Gebed voor den koning, als hij optrekt in den strijd
1 EEN psalm van David, voor den opperzangmeester.
2 De HEERE verhore u in den dag der benauwdheid; de Naam van den God Jakobs zette u in een hoog vertrek.
3 Hij zende uw hulp uit het heiligdom, en ondersteune u uit Sion.
4 Hij gedenke al uwer spijsofferen, en make uw brandoffer tot as. Sela!
5 Hij geve u naar uw hart, en vervulle al uw raad.
6 Wij zullen juichen over uw heil, en de vaandelen opsteken in den Naam onzes Gods. De HEERE vervulle al uw begeerten.
7 Alsnu weet ik, dat de HEERE Zijn Gezalfde behoudt; Hij zal hem verhoren uit den hemel Zijner heiligheid; het heil Zijner rechterhand zal zijn met mogendheden.
8 Dezen vermelden van wagens, en die van paarden; maar wij zullen vermelden van den Naam des HEEREN, onzes Gods.
9 Zij hebben zich gekromd, en zijn gevallen; maar wij zijn gerezen en staande gebleven.
10 O HEERE, behoud; die Koning verhore ons ten dage van ons roepen.
Eene segeninge ende gebedt der kercke voor den Coninck David, sullende uyt-trecken ten strijde: met een vast vertrouwen van victorie ende triumph, door den hemelschen Coninck, den Messiam .
1 EEn Psalm Davids, voor den Opper-sang-meester.
2 De HEERE verhoore u inden dach der benaeuwtheyt; De Naem des Godts Iacobs sette u in een hooch vertreck.
3 Hy sende uwe hulpe uyt het heylichdom, ende ondersteune u uyt Zion.

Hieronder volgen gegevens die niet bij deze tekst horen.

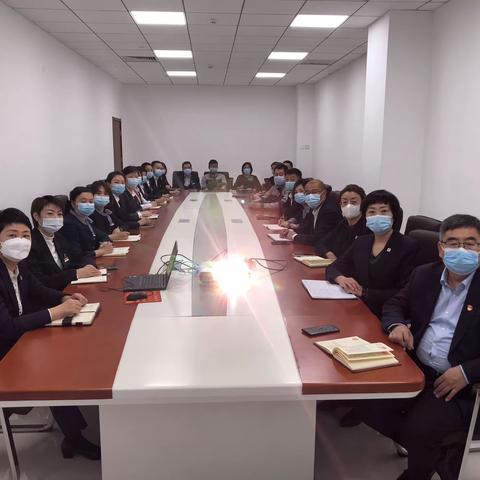 文旅酒管公司党支部组织集中观看党的二十大开幕式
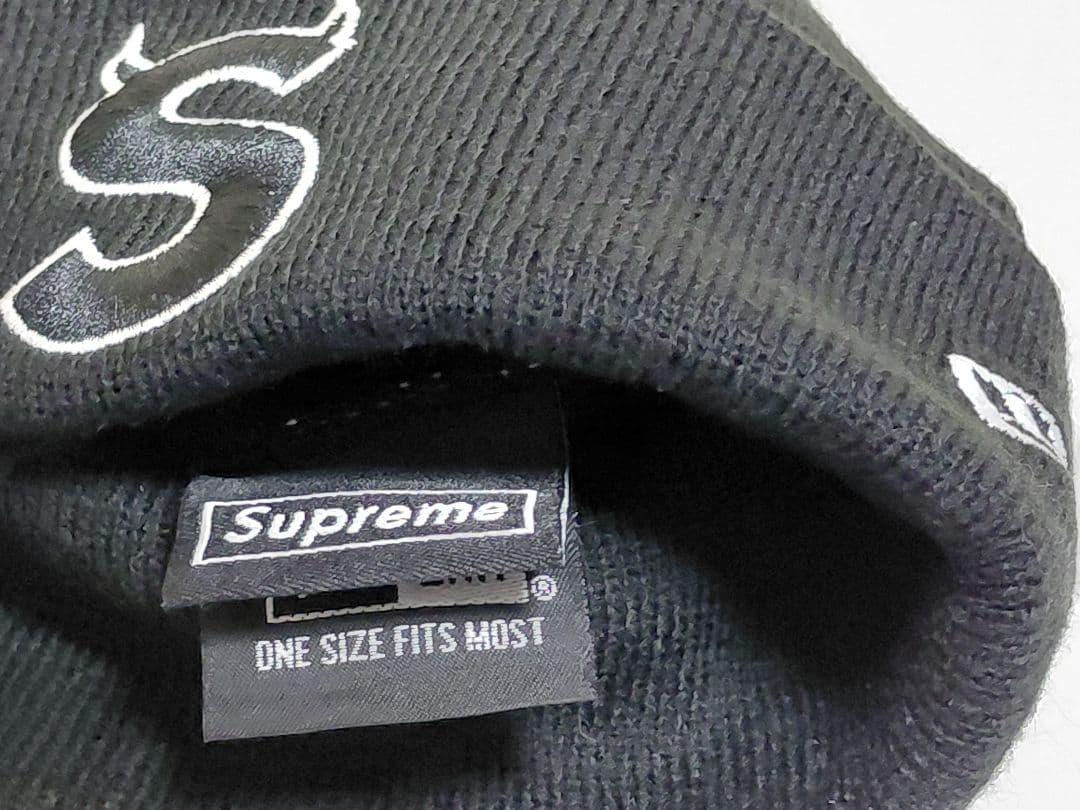【新品】 Supreme × New Era　ツノ S Logo　Beanie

4 Hy gedencke aller uwer spijs-offeren, ende make u brant-offer tot assche, Sela!
5 Hy geve u nae u herte, ende vervulle allen uwen raet.
6 Wy sullen juychen over u heyl, ende de vaendelen opsteken in den Name onses Godts: De HEERE vervulle alle uwe begeerten.
7 Als nu weet ick, dat de HEERE sijnen Gesalfden behoudt; hy sal hem verhooren uyt den hemel sijner heylicheyt; het heyl sijner rechter-hant sal zijn met mogentheden.
8 Dese [vermelden] van wagens, ende die van peerden; maer wy sullen vermelden van den Naem des HEEREN onses Godts.
9 Sy hebben sich gekromt, ende zijn gevallen; maer wy zijn geresen, ende staende gebleven.
10 ô HEERE, behoudt: die Coninck verhoore ons ten dage onses roepens.